Still, conservation groups, including the Western Watersheds Project, based in Hailey, and Defenders of Wildlife, which oversees a $200,000 fund to pay ranchers whose livestock falls prey to wolves, say they're dubious.


In a letter to the Forest Service, Western Watersheds director Jon Marvel, who currently has at least seven environment-related lawsuits against federal agencies, threatened more litigation if the agency allows the helicopters.


Marvel argues the federal legislation that created the Frank Church area in 1980 included compromises such as allowing outfitter camps, boats on the Salmon River and existing wilderness airstrips. But it barred helicopter landings elsewhere except when needed to save human life.


"You open the door to aircraft in the wilderness anywhere you see a wolf, you open it when you see an elk or anything else," Marvel said Wednesday.


The debate underscores the mistrust between wolf advocates and Idaho.
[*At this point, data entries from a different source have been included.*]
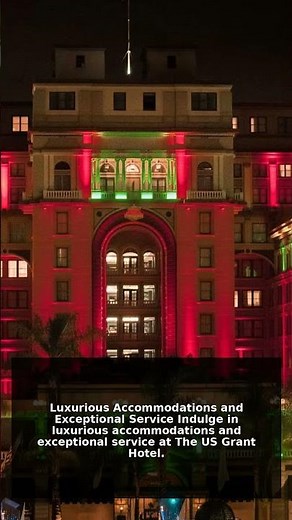The US Grant, a Luxury Collection Hotel, San Diego | San Diego Hotel Tour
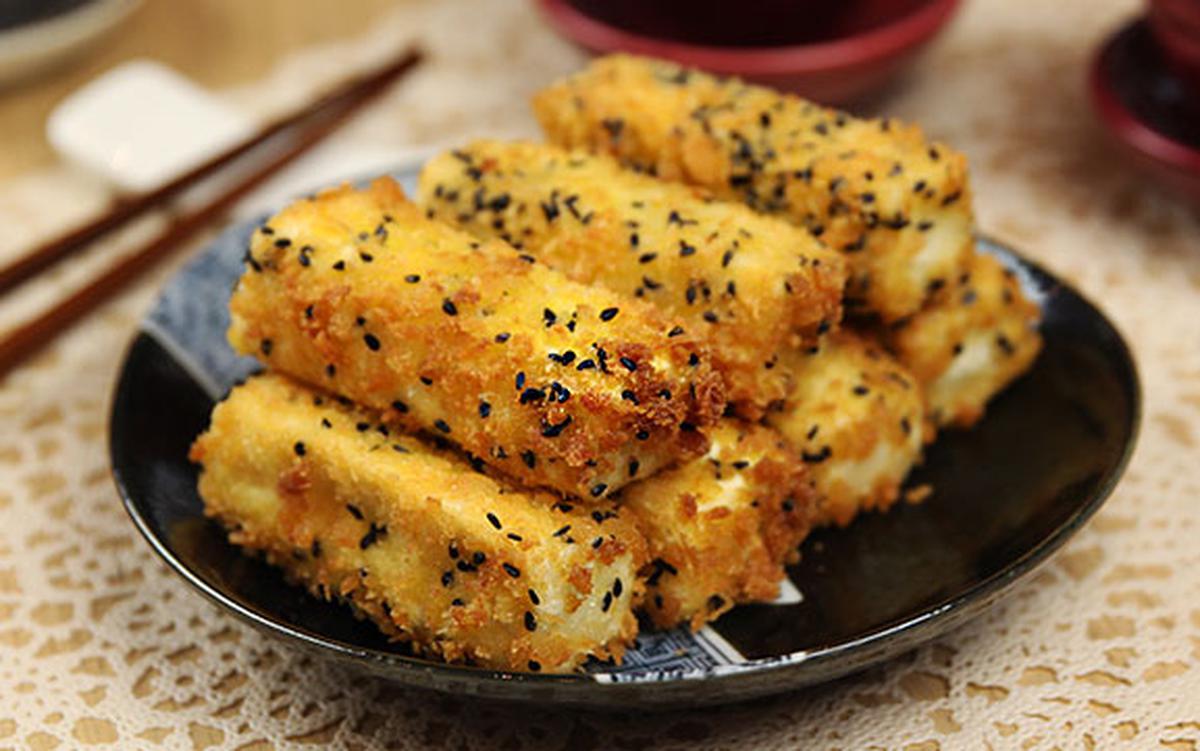 Cách làm ĐẬU RÁN ngon, Cach lam dau ran ngon, ĐẬU RÁN, Dau ran
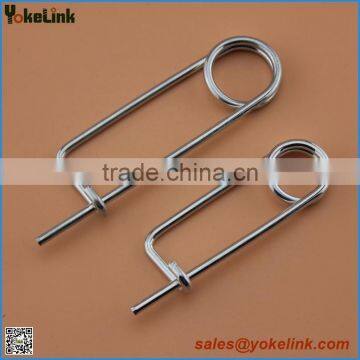 Heavy Duty Zinc Plated Wire Safety Pin photo-2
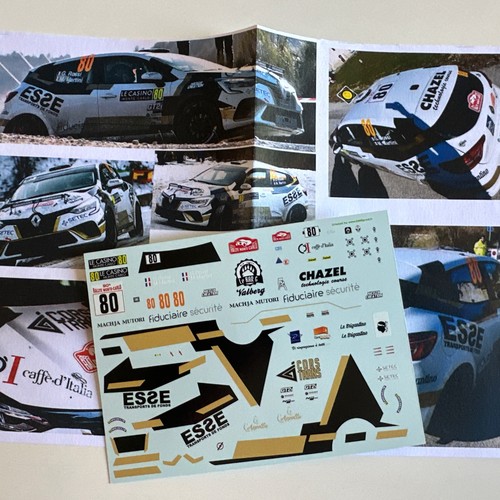 Decal renault clio rs n - decal,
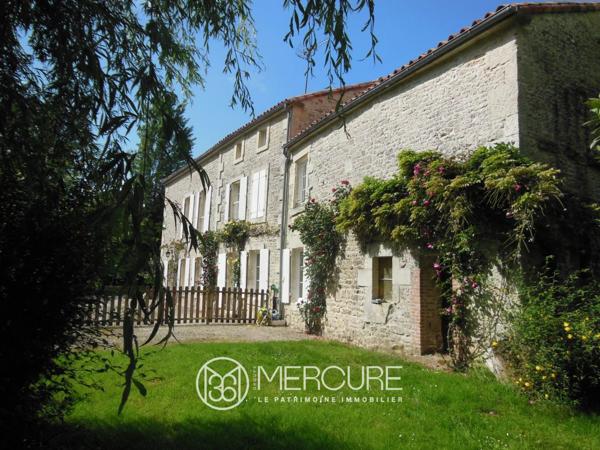 Maison à Coulonges-sur-l'Autize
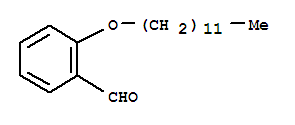 Structure of 2-(dodecyloxy)benzaldehyde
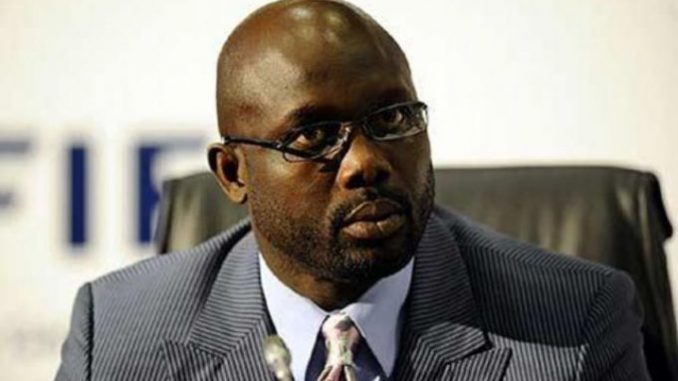 Le Président libérien George Weah "chassé" du palais
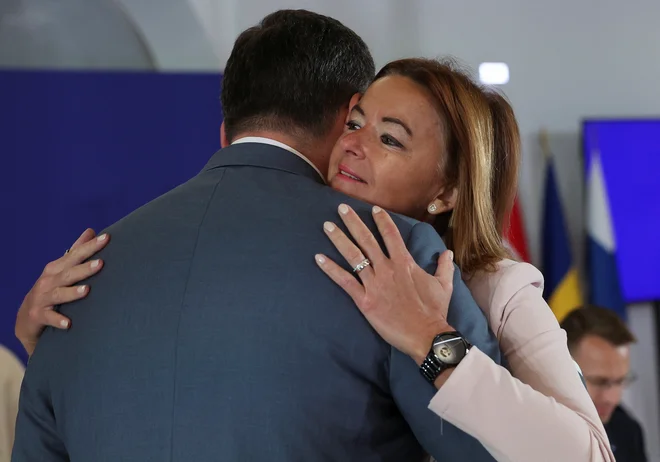 Se bo Slovenija kot članica varnostnega sveta ZN resno posvetila diplomatskim vsebinam? Bo izrazila nasprotovanje etničnemu čiščenju v Gazi?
Marvel and Suzanne Stone, a spokeswoman for Defenders of Wildlife in Boise, believe information from radio-collar tracking eventually will be used by Idaho game managers to track and kill wolves that prey on elk, which are prized by hunters.


Idaho currently has about 40 wolf packs; according to the state's federally approved management plan, it must maintain a minimum of 15.


"We would be very concerned if this action led to increased lethal control of wolves within the wilderness, based on the elk populations there," Stone said.


Forest Service Region 4 Forester Jack Troyer, responsible for an area that includes wilderness in Idaho, Nevada and part of Wyoming, Utah and California, will decide soon, officials said. Since Dec. 4, the agency has received some 700 public comments on Idaho's helicopter proposal.


"Our first concern is to protect the wilderness," Liz Close, the Forest Service's regional director for recreation, heritage and wilderness resources in Ogden, Utah, told The Associated Press. "Our responsibility does not change. It's a question: Can we find a way to accommodate what the state needs to do while still meeting our mandate to protect the wilderness?"